Pound Sterling has responded in a positive fashion to UK labour market data which showed a sharp and unexpected dip in the country's unemployment rate.

Sterling leapt to a 0.3% gain against the Euro and 0.25% against the US Dollar after the UK's unemployment rate was recorded at 4.0% by the Office for National Statistics; markets were expecting it to remain stuck at 4.2%.

This represents the lowest unemployment rate since 1975.

Employment grew by 42K in a three-month-on-three-month basis.

The data continues a strong year-on-year trend in quarterly employment growth:

Yet, despite the good news on falling unemployment, wages continue to disappoint.

Average earnings, with bonus included read at 2.4%; economists and markets were expecting a reading of 2.5%.

The ongoing decline in UK unemployment is therefore not having the typical upward effect on wages, and this will certainly keep Sterling's gains in check.

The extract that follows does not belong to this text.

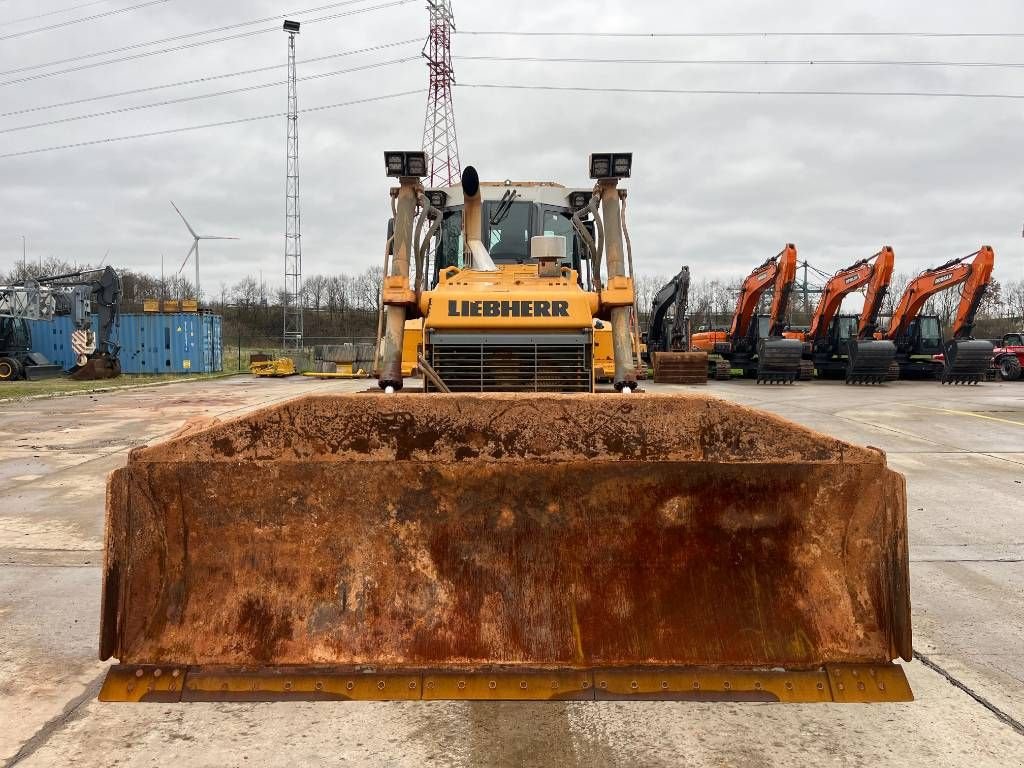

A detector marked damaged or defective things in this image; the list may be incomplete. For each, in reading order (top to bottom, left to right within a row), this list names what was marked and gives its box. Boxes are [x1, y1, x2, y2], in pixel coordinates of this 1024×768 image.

rusty dozer blade [98, 396, 912, 704]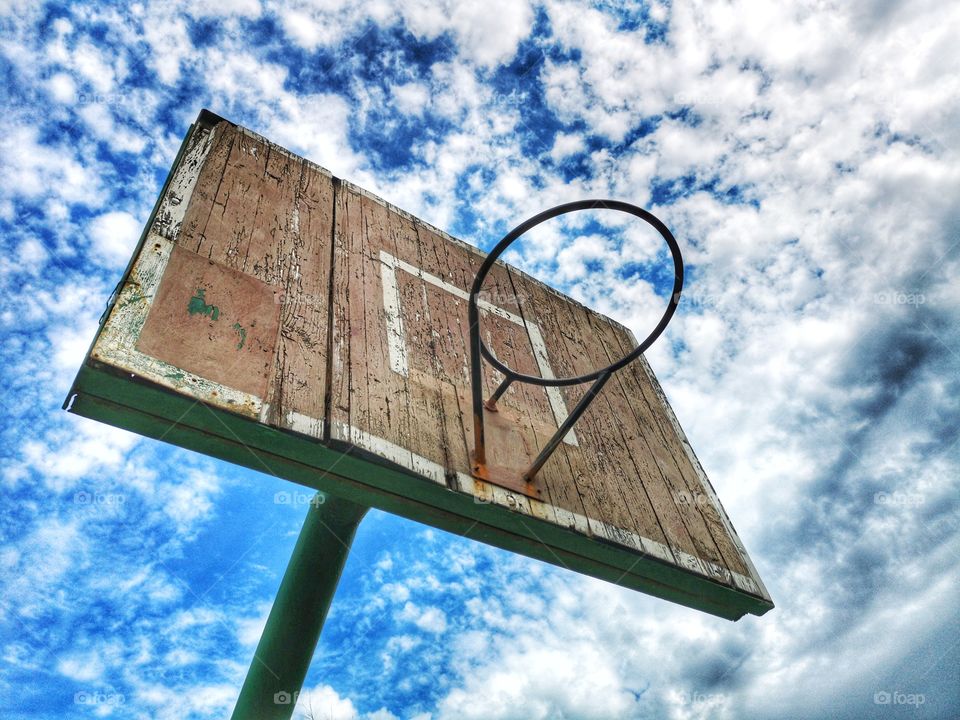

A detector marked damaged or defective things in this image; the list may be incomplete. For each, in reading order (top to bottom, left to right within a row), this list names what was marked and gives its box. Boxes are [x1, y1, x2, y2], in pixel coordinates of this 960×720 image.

The slowdown in wages was driven mainly by the private sector as public sector core wages remained stable at 2.2% 3m/y, while headline wages grew slightly faster at 2.2% 3m/y compared to 2.1% 3m/y in May.

The Bank of England is keenly watching UK wage dynamics when it comes to deciding on whether or not to keep pushing interest rates higher with the theory being that rising wages tend to generate greater domestic inflation.

However, that the unemployment rate continues to decline, yet wages remain static, will cause some degree of bewilderment amongst policy makers.

All the more puzzling is that the ONS reports job vacancies to be at 829,000 for May to July 2018 which is 20,000 more than in the February to April period and 51,000 more than at the same time a year earlier. This is in fact the highest since comparable records began in 2001.

There is clearly something wrong with the transmission mechanism between strong labour demand, fewer workers being available and wage dynamics.

Encouragingly though, productivity in Q2 increased by 0.4% q/q offsetting the -0.4% q/q contraction in Q1.

Following the release we see the Pound-to-Dollar exchange rate at 1.2792 and the Pound-to-Euro exchange rate is higher at 1.1220.

"Not the worst UK jobs report. Unemployment down to historic lows at 4% (softer June job gains). Regular pay posted a solid +0.4% monthly growth (need a few more of these for investors to bring forward BoE tightening bets). Overall not enough for GBP to ignore Brexit risks at the moment," says foreign exchange strategist Viraj Patel with ING Bank N.V. in response to the numbers.

Ruth Gregory, Senior UK Economist with Capital Economics says "the latest labour market figures showed that real wage growth remains subdued, casting doubt over the likely strength of any recovery in consumer spending growth. While employment continued to grow, the pace of expansion now appears to be slowing."

However, Capital Economics continue to expect a sustained (albeit modest) recovery in real pay this year and next, putting consumer spending on a firmer footing.

More timely economic surveys suggest there are rising pay growth pressures which could feed through into the official data over coming months.

The 8 August IHS Markit/REC report on jobs flagged that “low candidate availability and robust demand for staff led to a further steep increase in salaries awarded to permanent starters” and that “temporary pay rates rose at a marked and accelerated rate that was close to April’s two-year record”.